Word for word, output every line of the material below, minus pictures.

» GIVEN INFORMATION:
————
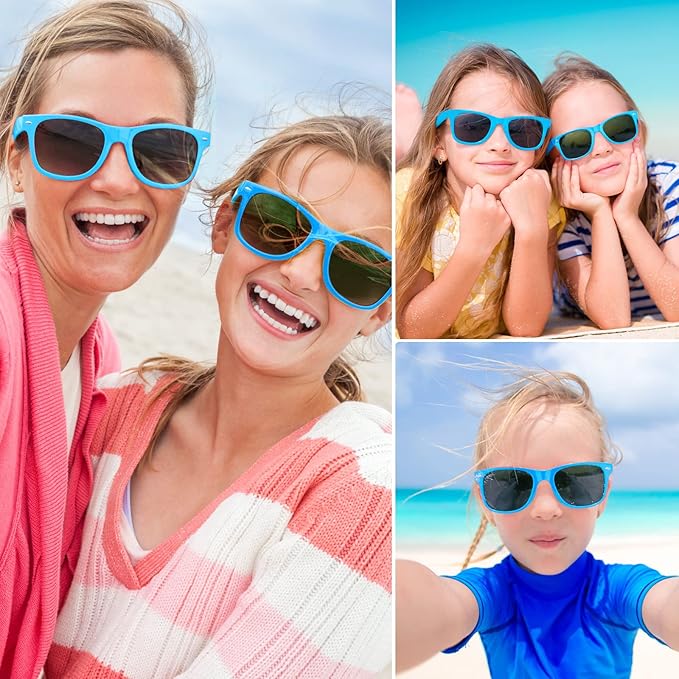 TUPARKA 12 Pack Sunglasses Party Favors Bulk Party Sunglasses Goody Bag Fillers for Birthday Party Beach Pool Party, Blue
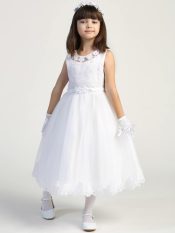 Embroidered First Communion Dress with Flower Neckline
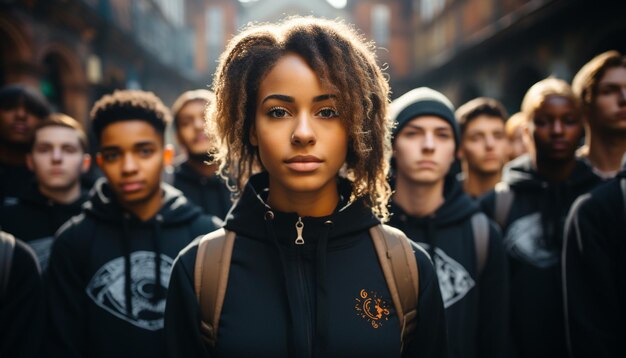 A diverse group of young adults smiling confidently in the city generated by artificial intelligence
————
» EXPECTED ANSWER:
 TUPARKA 12 Pack Sunglasses Party Favors Bulk Party Sunglasses Goody Bag Fillers for Birthday Party Beach Pool Party, Blue
 Embroidered First Communion Dress with Flower Neckline
 A diverse group of young adults smiling confidently in the city generated by artificial intelligence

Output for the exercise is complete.